TypeError: 'numpy.float64' object is not iterable

It's showing up because I'm trying to iterate over a float64 object, can you help me with the problem?

from bertopic import BERTopic
topic_model = BERTopic(calculate_probabilities=True)
topic_model=topic_model.load("load_model")
topics, probs = topic_model.fit_transform(docs)

new_topics = topic_model.reduce_outliers(docs, topics, probabilities=probs, strategy="probabilities")
MaartenGr commented 1 year ago

Could you share the entire output of the error? Also, did you make sure to install the latest version of BERTopic? You can check with from bertopic import __version__ as bt_version; bt_version

kimkyulim commented 1 year ago

Hi @MaartenGr

My bertopic version is 0.14.1 But the issue is the same.

This is entire output error


TypeError Traceback (most recent call last)

in 9 10 # Reduce outliers using the `probabilities` strategy ---> 11 new_topics = topic_model.reduce_outliers(docs, topics, probabilities=probs, strategy="probabilities") C:\ProgramData\Anaconda3\lib\site-packages\bertopic\_bertopic.py in reduce_outliers(self, documents, topics, strategy, probabilities, threshold, embeddings, distributions_params) 1956 if strategy.lower() == "probabilities": 1957 new_topics = [np.argmax(prob) if max(prob) >= threshold and topic == -1 else topic -> 1958 for topic, prob in zip(topics, probabilities)] 1959 1960 # Reduce outliers by extracting most frequent topics through calculating of Topic Distributions C:\ProgramData\Anaconda3\lib\site-packages\bertopic\_bertopic.py in (.0) 1956 if strategy.lower() == "probabilities": 1957 new_topics = [np.argmax(prob) if max(prob) >= threshold and topic == -1 else topic -> 1958 for topic, prob in zip(topics, probabilities)] 1959 1960 # Reduce outliers by extracting most frequent topics through calculating of Topic Distributions TypeError: 'numpy.float64' object is not iterable
MaartenGr commented 1 year ago

Strange, could you check the shape of probs? I have a feeling that it is a flat list of probabilities and not the topic-document probability matrix.

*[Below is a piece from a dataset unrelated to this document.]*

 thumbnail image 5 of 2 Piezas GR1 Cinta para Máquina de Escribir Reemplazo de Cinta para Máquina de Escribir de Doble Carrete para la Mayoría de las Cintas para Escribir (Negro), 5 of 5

kimkyulim commented 1 year ago

Hi @MaartenGr

Thank you for letting me know about your progress with the topic modeling methods we discussed. I'm sorry to hear that the .reduce_outliers method did not work as expected and that the topic -1 ratio remained similar to the previous results.

Regarding your decision to use K-means as an alternative, setting the number of clusters to the number of topics obtained from bertopic sounds like a reasonable approach. However, I understand that you have concerns about the topic -1 ratio remaining similar to the previous one.

Questions:

  1. The bertopic algorithm does use hdbscan to cluster topics, but when you switch to K-means, you are no longer using hdbscan. Instead, you are using K-means to cluster the document-topic matrix that bertopic produced. K-means and hdbscan are different clustering algorithms with different assumptions and characteristics. Is it possible to say that using k-means used Bertopic?

  2. I'm looking for a way to set n_cluster, should I use it to set the number of k-means clusters like elbow method?

MaartenGr commented 1 year ago

The bertopic algorithm does use hdbscan to cluster topics, but when you switch to K-means, you are no longer using hdbscan. Instead, you are using K-means to cluster the document-topic matrix that bertopic produced. K-means and hdbscan are different clustering algorithms with different assumptions and characteristics. Is it possible to say that using k-means used Bertopic?

You can indeed use a different clustering algorithm besides HDBSCAN, BERTopic was designed in such a way that it is for the most part modular so that users can use whatever they need for their specific use case. You can find more about clustering models here.

I'm looking for a way to set n_cluster, should I use it to set the number of k-means clusters like elbow method?

That is indeed an option but it depends on your use case. At times there might domain experts in your field that can help you out with your domain specific data or the use case might be to have abstract topics. Having said that, human evaluation, looking at the resulting topics yourself and make the judgement is one of the most important aspects.

MaartenGr commented 1 year ago

Closing this due to inactivity. Let me know if I need to re-open the issue!